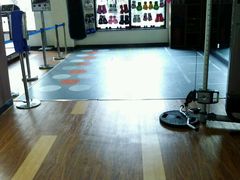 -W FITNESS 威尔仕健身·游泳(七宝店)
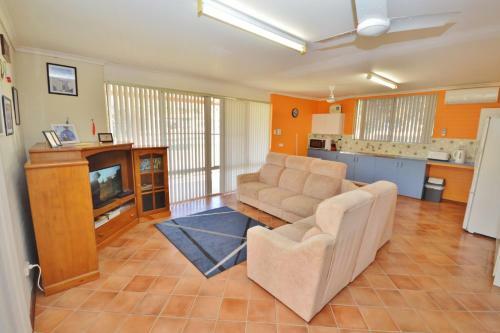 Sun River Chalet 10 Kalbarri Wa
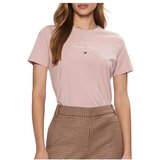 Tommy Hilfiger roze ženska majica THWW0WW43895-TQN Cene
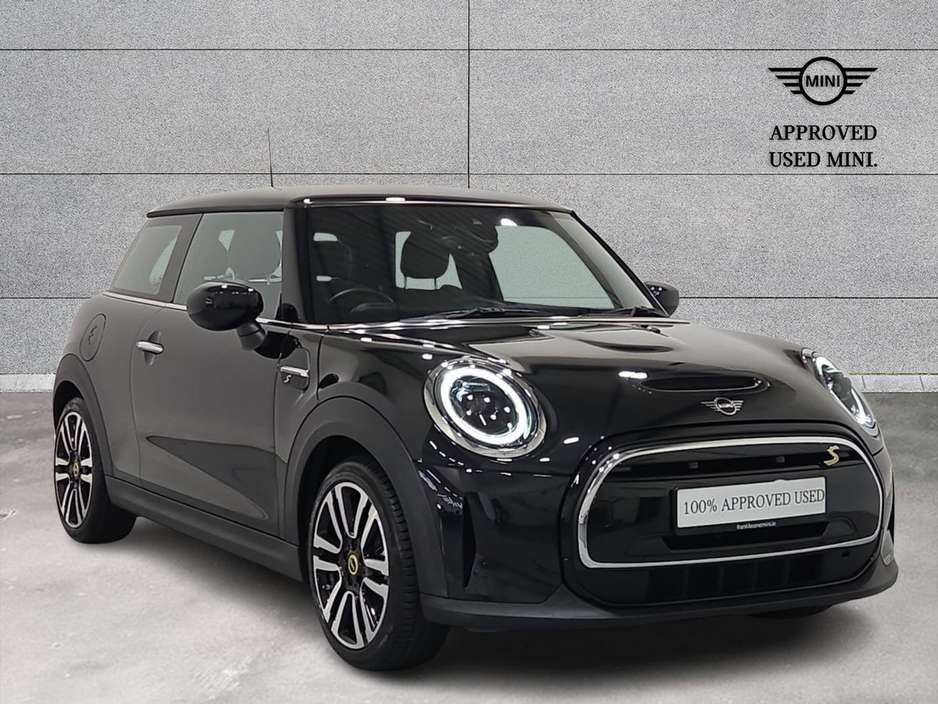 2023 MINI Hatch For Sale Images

---

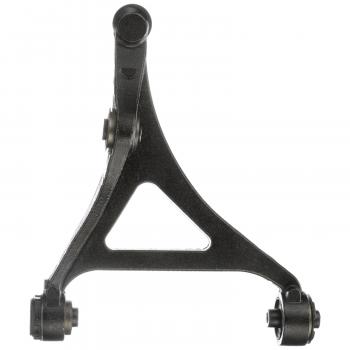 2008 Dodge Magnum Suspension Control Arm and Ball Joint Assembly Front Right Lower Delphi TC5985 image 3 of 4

--

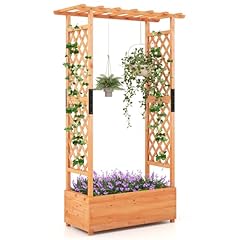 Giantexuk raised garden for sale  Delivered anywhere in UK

◆ **WHAT THE TASK REQUIRES**
Only the lines above starting with the line with "Tommy Hilfiger roze" and going on through the line with "2023 MINI Hatch For Sale Images" belong in the answer; repeat them exactly, minus any picture.

◆ **SOLUTION TO THE PROBLEM**
 Tommy Hilfiger roze ženska majica THWW0WW43895-TQN Cene
 2023 MINI Hatch For Sale Images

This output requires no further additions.